Students Afraid of This Subject.--Our interest in preparing this account is merely to "clear the atmosphere." A discourse dealing with the subject of witchcraft in Pennsylvania has been wanting for years.
We find ourselves in a pathetic sort of state, being associated with mature men and women who are actually afraid to delve into a subject as important as this is, because of a personal fear that something might "happen" to them! Conversation with many persons has borne out this conviction.
An interesting phase of this business of witchcraft, so far as it pertains to Pennsylvania, is just a lot of talk. In view of what has been said thus far, it might be good policy to illustrate what is meant when we say that witches and a belief in them will be hard to suppress.
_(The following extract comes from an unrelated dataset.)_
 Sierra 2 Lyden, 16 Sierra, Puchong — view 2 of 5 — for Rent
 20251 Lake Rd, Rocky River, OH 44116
First--There is no law against a belief in witches, or a practice of witchcraft--religious or civil;
Second--If there was a law, it would at once acknowledge that which many seek to deny really exists--witches--whether in the flesh, in spirit, or merely in mind.
Our Witches and Those of the Voodoo.--We should not confound the "witches" which our forefathers brought to America, with those under control of the witch-doctors and voodoos in the half-civilized areas as, in Africa, or the islands of the Caribbean, or South Seas; i. e., not too direct.
Our witches definitely have come to us through an association with emotions of good and bad, as we know them, through affiliates of the Christian church of all denominations--Protestant, Catholic (Roman and Greek, or Eastern), and the Jews--or even the non-christian whose philosophies, in part, are like unto the Mosaic, in origin, viz: pagan. Perhaps, then, we have just bettered our very early ideas, and justified them for want of courage to change them! Is it reasonably safe to look at the customs, folklore, and superstitions of the African, and say to ourselves: "Well, that's about the way our folks looked at life not so very many generations ago!"
And yet, with all of this in mind, the witches of our time, and of the past, and those of the half-civilized native of Africa, Asia, and the islands, must have come from the same early pagan source--therefore we think it so strange that the Christian religion (of all religions) has given them any place at all--if there are no witches! All this despite the effort to destroy all books pertaining to the subject, as they tried to, at Ephesus.
The half-civilized, as well as the civilized, have a knowledge of, and emotions, which may be expressed by a reaction to favors received from good spirits, or bad spirits.
Do we have witches in Pennsylvania only among the Germanic people; not the English, Italian, Irish, Slav, Welsh, Hungarian, and the other races? How about the races in the forty-seven other states? Yes, how about them? And of more than two billion religious people in the world, not including the nonreligious? You say there are no witches today!!!
"Lord's Prayer" Says "Deliver Us From Evil."--Catholics and Protestants alike, in saying the Lord's Prayer, recognize something closely akin to everything in the catalog of the evil-spirit-world, no matter what name one may be pleased to call it--for do we not pray: "Deliver us from EVIL" . . .
This petition from the heart and mind of a Christian applies to the evils he or she concedes to be of any or every sort which might conceivably cause harm. Neither priest, preacher or scholar can explain this meaning "away" if the layman wants to believe it has a personal power for him!